- **Your assignment**: Transcribe the data underneath exactly. No images belong in your version.

- **Given information**:

★ ★ ★ ★ ★ ★ ★

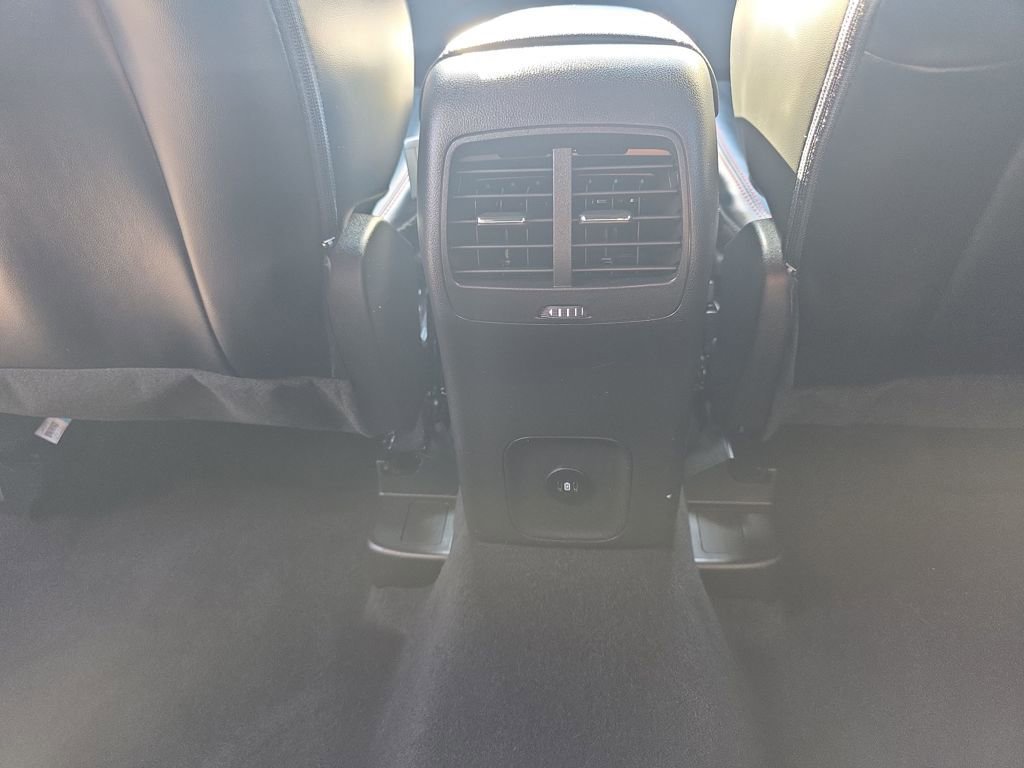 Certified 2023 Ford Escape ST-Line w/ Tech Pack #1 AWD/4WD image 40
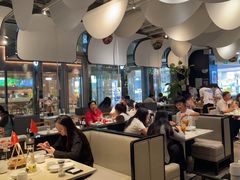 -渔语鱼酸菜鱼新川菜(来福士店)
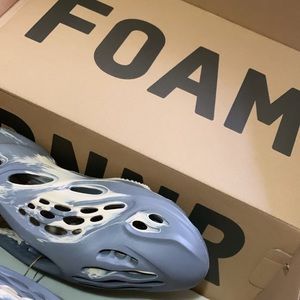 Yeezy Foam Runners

★ ★ ★ ★ ★ ★ ★

- **Reply to the exercise**:
 Certified 2023 Ford Escape ST-Line w/ Tech Pack #1 AWD/4WD image 40
 -渔语鱼酸菜鱼新川菜(来福士店)
 Yeezy Foam Runners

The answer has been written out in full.